Io avevo diciannove, vent’anni, don Ugo almeno trentacinque. Io ero Capo Branco, don Ugo l’assistente ecclesiastico; in altre parole io ero responsabile dell’attività scout di un gruppo di circa 20 ragazzini, dagli otto agli undici anni, e lui mi dava una mano dal punto di vista religioso.
Era proprio così: nonostante il divario di età, nonostante che lui fosse prete ed io un ragazzo che non vedevo ancora chiaro quale sarebbe stata la mia vita, egli giocava con discrezione il proprio ruolo rispettando le mie competenze, senza paternalismi.
Difficile dire ora quale fosse il nostro rapporto personale al di là di questi ruoli: era una persona che sentivo piena di serenità, di senso dell’umorismo, di cultura vasta ed insolita, che emergeva dal suo parlare in maniera così piana e semplice da sembrare naturale come il buon senso di un saggio contadino.
Una serata nella sua stanza poteva finire indifferentemente con lui che parlava di letteratura inglese, spiegava al pianoforte come si passa da una tonalità all’altra, oppure conduceva una meditazione sul Giudizio universale.
Avevi comunque sempre la sensazione di aver parlato, nella semplicità di una serata passata con amici, di cose che rendevano la vita più bella e più densa di significato.
Nell’équipe che si occupava del branco c’erano anche un paio di aiuto-capi.
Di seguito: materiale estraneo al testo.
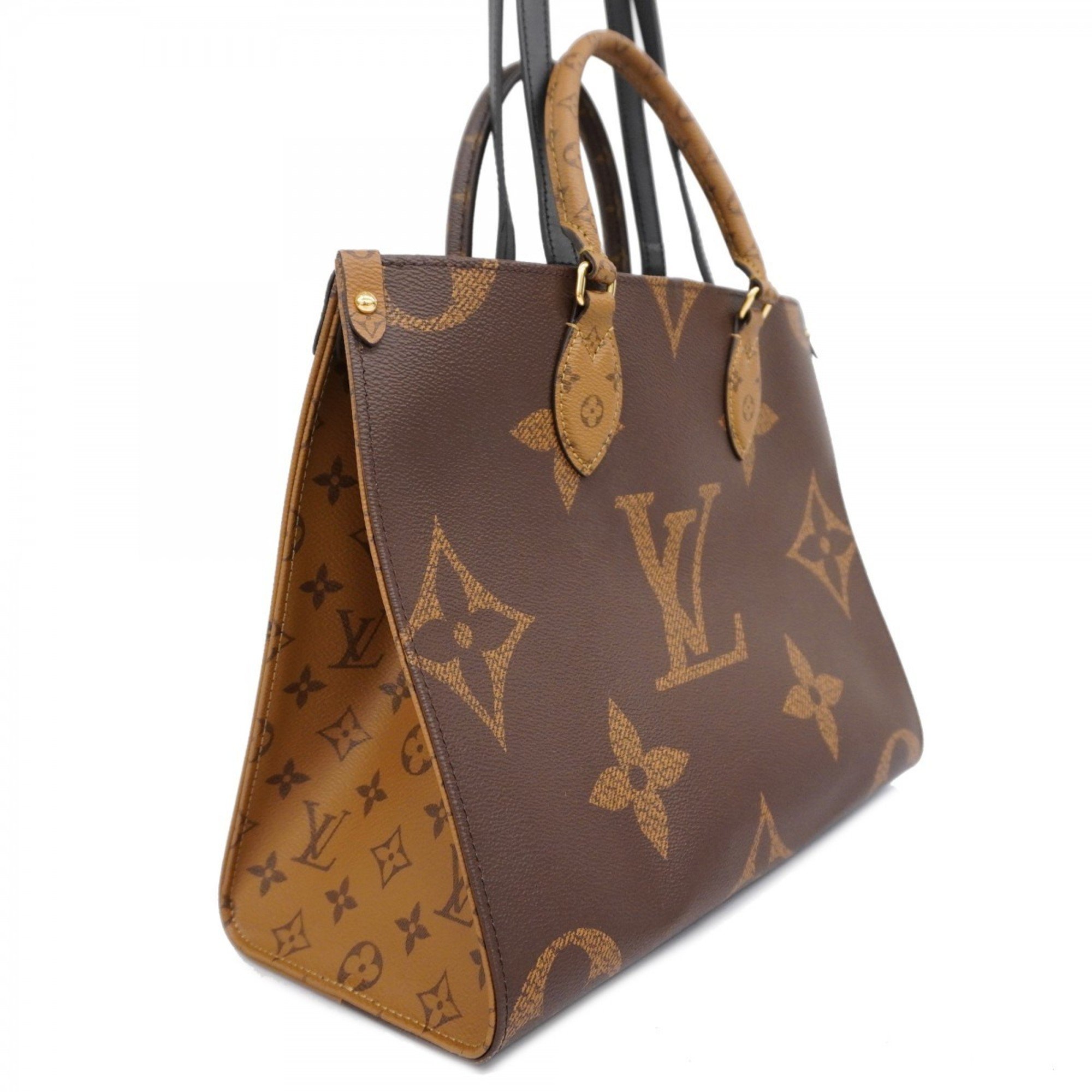 Louis Vuitton Tote Bag Monogram On The Go MM M45321 Brown Women's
Ci trovavamo da lui all’inizio della settimana: preparavamo la riunione dei lupetti per la domenica successiva e dovevamo darci tempo per allestire il materiale necessario per l’attività.
Secondo quanto è previsto dal metodo scout, nel gioco con i ragazzini assumevamo i nomi dei personaggi del libro della Giungla e a don Ugo spettava il ruolo di Baloo, l’orso saggio, maestro della legge.
Quasi ogni domenica alla riunione dei lupetti c’era il momento di Baloo: don Ugo veniva ad una determinata ora, portando spesso con sé delle caramelle (il miele di cui l’orso è ghiotto), e generalmente presentava una piccola meditazione per i bambini cominciando con un racconto.
Il racconto lo preparava con noi: diceva come lo avrebbe fatto, anzi se lo raccontava e noi, da bravi "tecnici" del linguaggio infantile facevamo le nostre osservazioni, davamo i nostri suggerimenti e lui la domenica seguente ripeteva pari pari il racconto come l’avevamo concordato.
Quella volta l’argomento era la preghiera e si voleva raccontare una parabola di Gesù: quella dell’uomo che bussa di notte per avere un pezzo di pane per l’ospite imprevisto giunto a casa sua. Don Ugo, come al solito, sottopose al nostro vaglio il racconto:
"...così quello andò a bussare dal vicino. Il vicino che se ne dormiva tranquillo al calduccio sotto le coperte accoccolato accanto alla moglie...".
Lo interruppi: "Don Ugo, non mi sembra che questi siano particolari da mettere davanti alla fantasia dei bambini".
"Perché?", mi rispose, "I bambini vedono pure che il papà e la mamma vanno a letto ogni sera assieme". E continuò a narrare.
La domenica seguente Baloo venne come previsto e cominciò a raccontare. Eravamo in cerchio; mi trovavo alla sinistra di don Ugo, un quarto di cerchio più in là, tra due sestiglie.
Arrivò al punto cruciale: "...se ne dormiva al calduccio, sotto le coperte...". Continuando a raccontare mi cercò con lo sguardo; senza alterare l’espressione del suo viso mi fece l’occhietto e continuò: "accoccolato accanto alla moglie...".